Problem requirements ▸
Excluding pictures, retype exactly the lines from the one with "this 640×360 image." through the end of the records that follow.

Data ▸
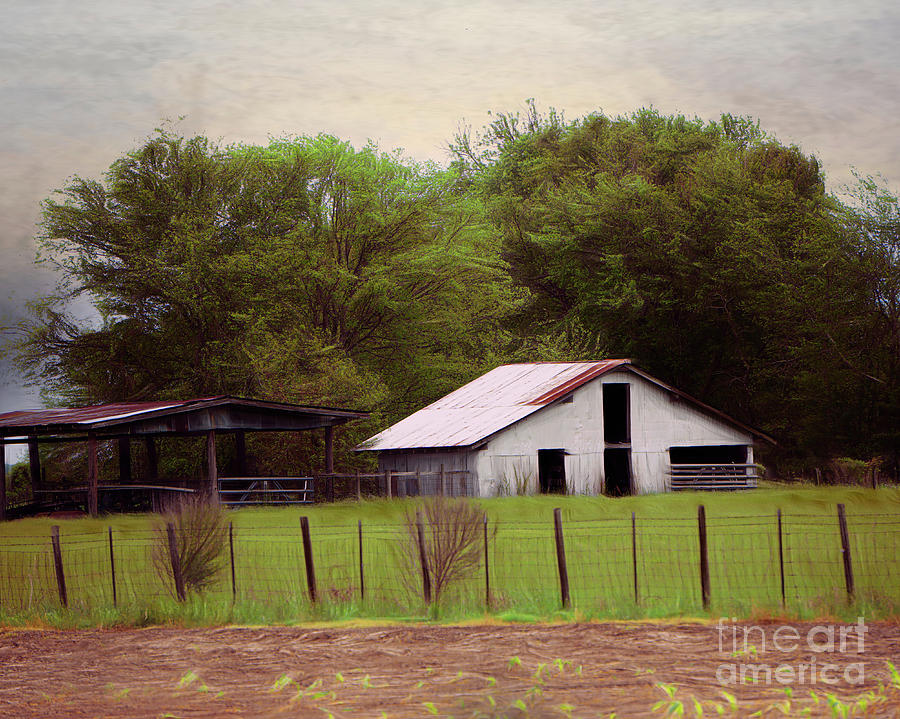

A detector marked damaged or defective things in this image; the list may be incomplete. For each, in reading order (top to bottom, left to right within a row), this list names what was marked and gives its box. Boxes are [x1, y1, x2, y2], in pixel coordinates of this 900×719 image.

rusty metal roof [0, 396, 370, 436]
rusty metal roof [360, 360, 632, 450]
rusty metal roof [358, 360, 772, 450]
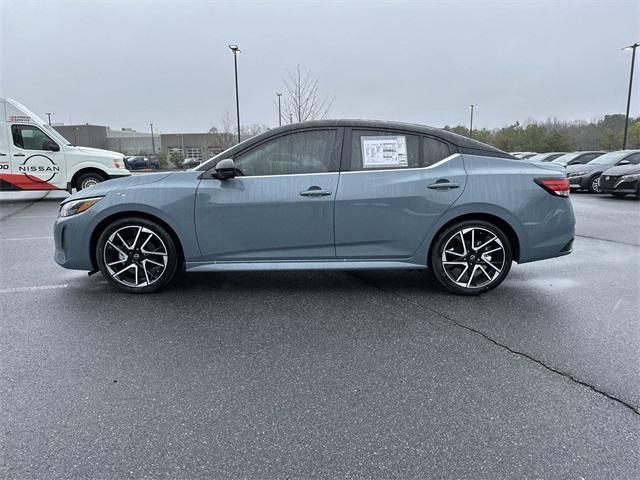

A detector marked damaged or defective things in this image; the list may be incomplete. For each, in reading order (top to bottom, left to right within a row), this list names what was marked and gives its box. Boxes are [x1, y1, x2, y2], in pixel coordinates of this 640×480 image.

crack in pavement [350, 274, 640, 416]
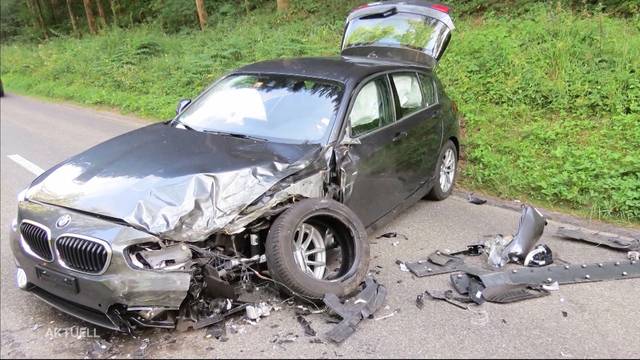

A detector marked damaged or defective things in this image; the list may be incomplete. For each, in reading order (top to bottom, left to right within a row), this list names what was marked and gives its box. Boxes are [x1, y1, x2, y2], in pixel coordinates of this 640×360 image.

crumpled hood [27, 122, 322, 240]
damaged black car [11, 0, 460, 332]
detached wheel [428, 140, 458, 201]
broken front bumper [10, 201, 191, 330]
detached wheel [264, 198, 370, 300]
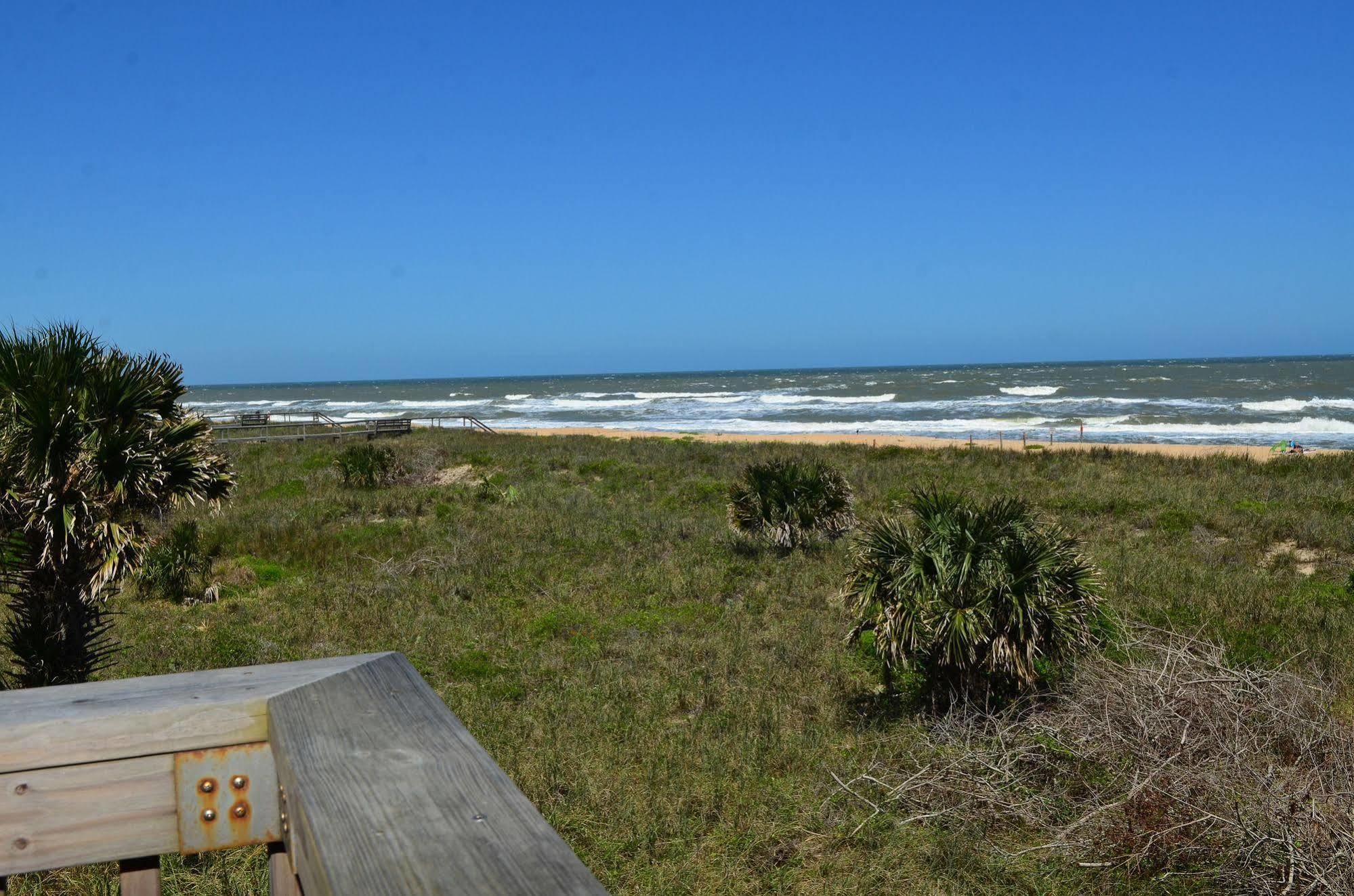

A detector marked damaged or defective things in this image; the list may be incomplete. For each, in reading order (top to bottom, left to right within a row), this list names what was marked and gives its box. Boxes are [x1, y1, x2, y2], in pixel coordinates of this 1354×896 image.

Solution to the exercise ▸
A detector marked damaged or defective things in this image; the list may be incomplete. For each, in reading order (top to bottom, left to right within a row), this list names what was marked and gives its box. Boxes are [x1, y1, x2, y2], in pixel coordinates of this 640×360 image.

crumpled hood [27, 122, 322, 240]
damaged black car [11, 0, 460, 332]
detached wheel [428, 140, 458, 201]
broken front bumper [10, 201, 191, 330]
detached wheel [264, 198, 370, 300]

A detector marked damaged or defective things in this image; the list may be incomplete. For each, in reading order (top to bottom, left to right within a row), this list names what was marked and gives its box. Boxes are [x1, y1, x2, y2], in pixel coordinates of this 1354×896 image.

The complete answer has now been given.